3. The fracturing apparatus of claim 2, wherein the energetic material is between the outer housing and the container structure.

4. The fracturing apparatus of claim 2, further comprising a loading tube carrying the puncher charge, the loading tube being inside the container structure, wherein the container structure is to provide protection of an assembly including the loading tube and puncher charge from well pressure.

5. The fracturing apparatus of claim 2, wherein the outer housing has an opening that exists prior to detonation of the puncher charge, wherein the opening provides for fluid communication between an inner chamber of the outer housing and the well.

6. The fracturing apparatus of claim 1, wherein the container structure is an outer housing of the fracturing apparatus.

7. The fracturing apparatus of claim 6, wherein the container structure has a scalloped region through which an explosive force of the puncher charge is to extend to create an opening in the container structure.

8. The fracturing apparatus of claim 6, further comprising a loading tube carrying the puncher charge, where the energetic material is between the loading tube and the container structure.

9. The fracturing apparatus of claim 1, wherein the energetic material is selected from the group consisting of a propellant, a high explosive, a gun powder, a combustible metallic powder, thermite, or a combination thereof.

10. The fracturing apparatus of claim 1, wherein the well is lined with a casing or liner, and wherein the puncher charge if detonated is configured to extend the opening through the container structure without perforating the casing or liner.

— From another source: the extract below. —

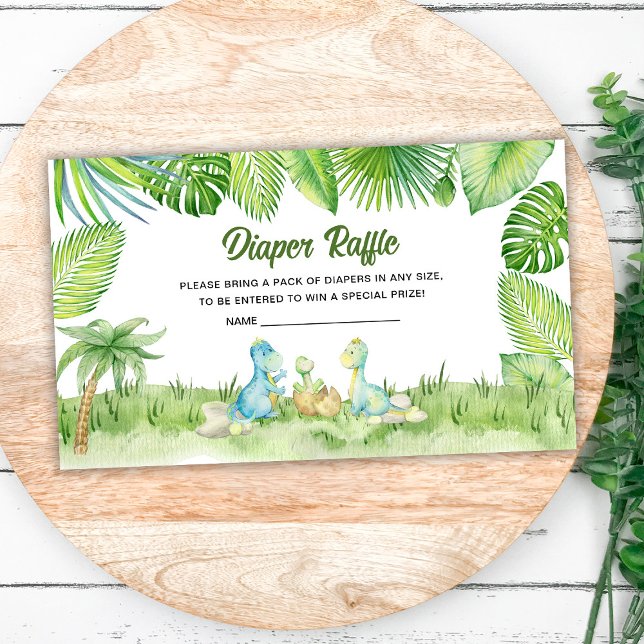 Dinosaur Baby Shower Diaper Raffle Tilläggskort (Skapare uppladdad)
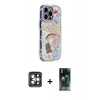 MARSİLYAN™- iPhone 15 Pro Max Kılıf Ahenk Modern Serisi - Siyah 360 Mat Full Body Arka Koruyucu + PVD Metal Kamera Lens - GI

11. The fracturing apparatus of claim 1, wherein the energetic material is part of a mixture that further includes at least one selected from the group consisting of proppants, a solid acid, a bactericide, and a combination thereof.

12. A method of forming a fracturing apparatus for use in fracturing a formation around a well, comprising:

providing a container structure;

arranging puncher charges inside the container structure, wherein the puncher charges if detonated extend openings through the container structure without creating perforation tunnels in the formation; and

providing an energetic material in the fracturing apparatus to be initiated by detonation of the puncher charges.

13. The method of claim 12, further comprising ballistically connecting a detonating cord to the puncher charges.

14. The method of claim 12, further comprising arranging the puncher charges within a loading tube that is inside the container structure.

15. The method of claim 12, further comprising providing the container structure and the energetic material inside an outer housing that has pre-configured openings to allow fluid communication between the well and an inner chamber of the outer housing.

16. The method of claim 12, wherein the container structure is a scalloped outer housing having thinned wall regions through which the puncher charges are to extend openings upon detonation of the puncher charges.

17. A system comprising:

a tool string for deployment into a well, the tool string having a fracturing tool, the fracturing tool comprising:

a container structure;

18. The system of claim 17, wherein the energetic material is selected from the group consisting of a propellant, a high explosive, a gun powder, a combustible metallic powder, thermite, or a combination thereof.

19. The system of claim 17, wherein the fracturing tool further comprises an outer housing in which the container structure is located, the outer housing having an opening.

20. The system of claim 17, wherein the container structure is a scalloped outer housing.